The result: switch apps for 30 seconds, come back to a dead connection, wait 60+ seconds for reconnection. For something I use dozens of times a day, this was painful.
The Root Cause
I described the problem to Tim in plain language: "When I switch apps on my phone and come back, the connection drops and takes forever to reconnect." Tim read the entire codebase — both server and client — and identified three issues:
- Server was too aggressive. The WebSocket server checked heartbeats every 25 seconds. One missed heartbeat = instant termination. So if you were away from the browser for just 25 seconds, your connection was killed.

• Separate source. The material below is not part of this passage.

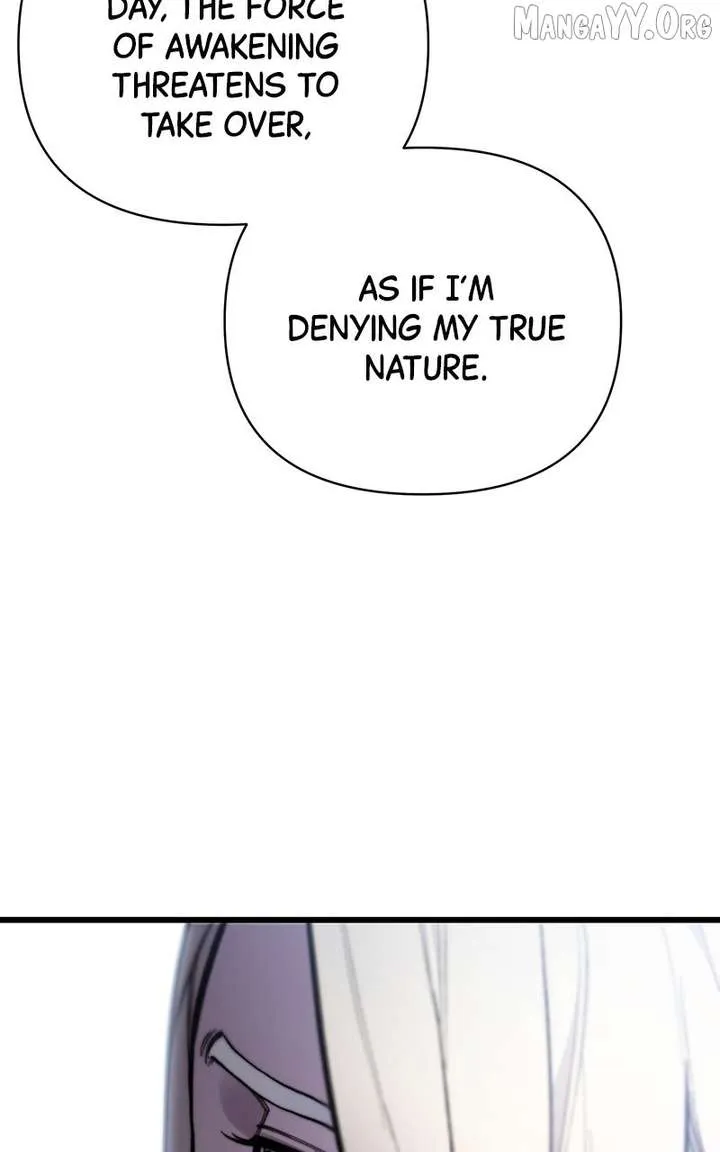 Hybrid Chapter 50 page 109 - 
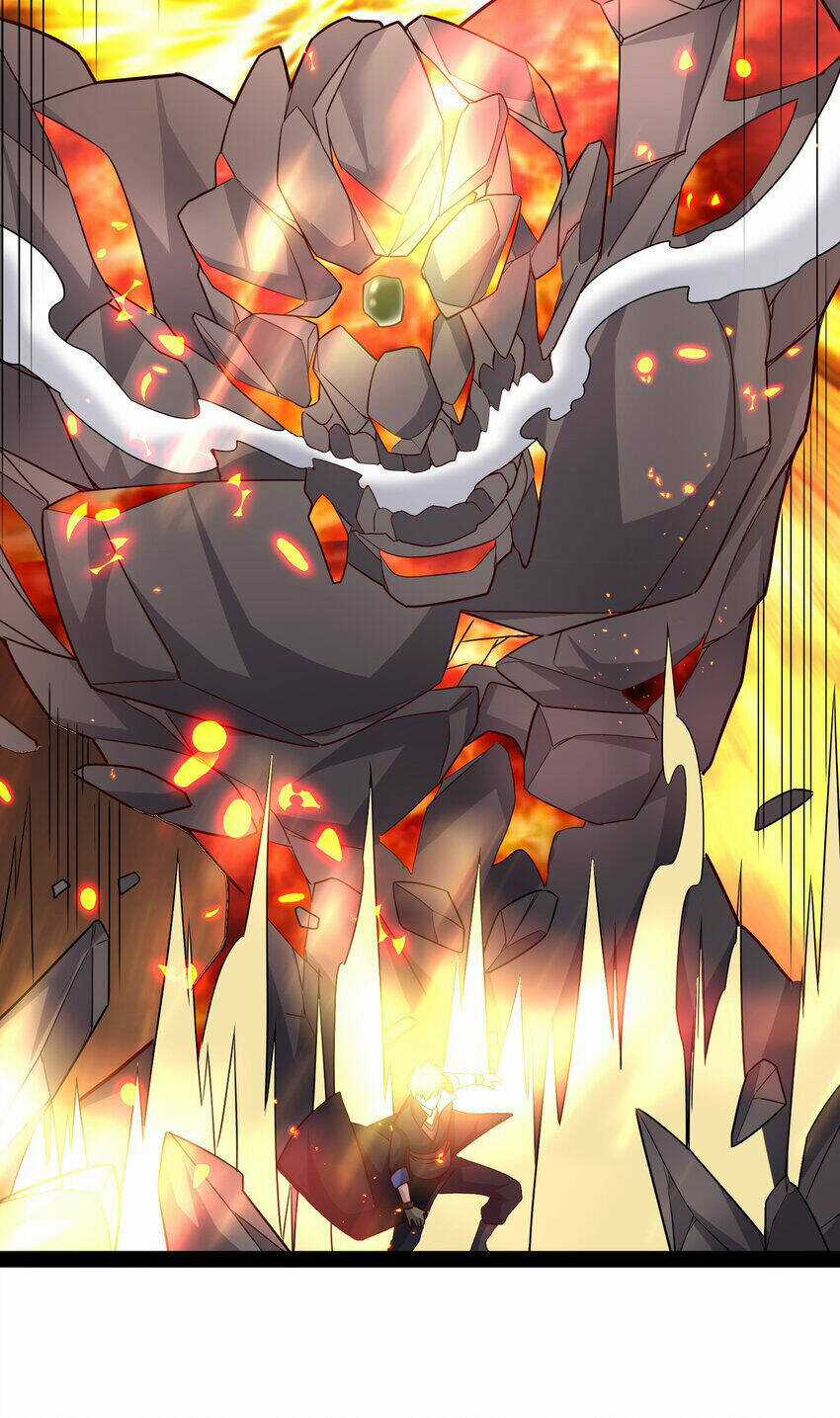 Nguyên Long Chapter 347 trang 12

- Client was too slow to detect dead connections. When you returned to the app, the client assumed the connection was still alive (the browser reported it as "open" even though it was dead). It would take up to 60 seconds before realizing the connection was actually gone.
- Reconnect backoff was accumulating. Each failed reconnect attempt added delay — 2 seconds, then 4, then 6, up to 10 seconds. If the connection died while you were away, by the time you came back, the next reconnect attempt could be seconds away.
The Fix
Tim made three targeted changes:
1. Server tolerance: Allow 3 missed heartbeats
Instead of killing the connection after one missed ping, the server now tolerates up to 3 missed pings (~75 seconds). This means short app switches — checking a message, looking at a photo, glancing at a notification — won't kill your connection at all.
2. Active probing on resume
When the page becomes visible again (you switch back to the browser), the client immediately sends a ping to the server. If there's no response within 3 seconds, it declares the connection dead and forces a reconnect. Previously, it would just trust the browser's "connection is open" status and wait up to 60 seconds.
3. Reset reconnect backoff
When the user returns to the app, the reconnect delay resets to zero. No more accumulated delays — if reconnection is needed, it happens instantly.
The Result
Before the fix:
- Switch apps for 25+ seconds = disconnect
- Coming back = wait 60+ seconds for reconnection
After the fix:
- Switch apps for less than 75 seconds = no disconnect at all
- Switch for longer = reconnect within 3 seconds
The difference in daily usage is massive. I switch apps constantly — it's a phone, that's what you do. Now I barely notice any interruption.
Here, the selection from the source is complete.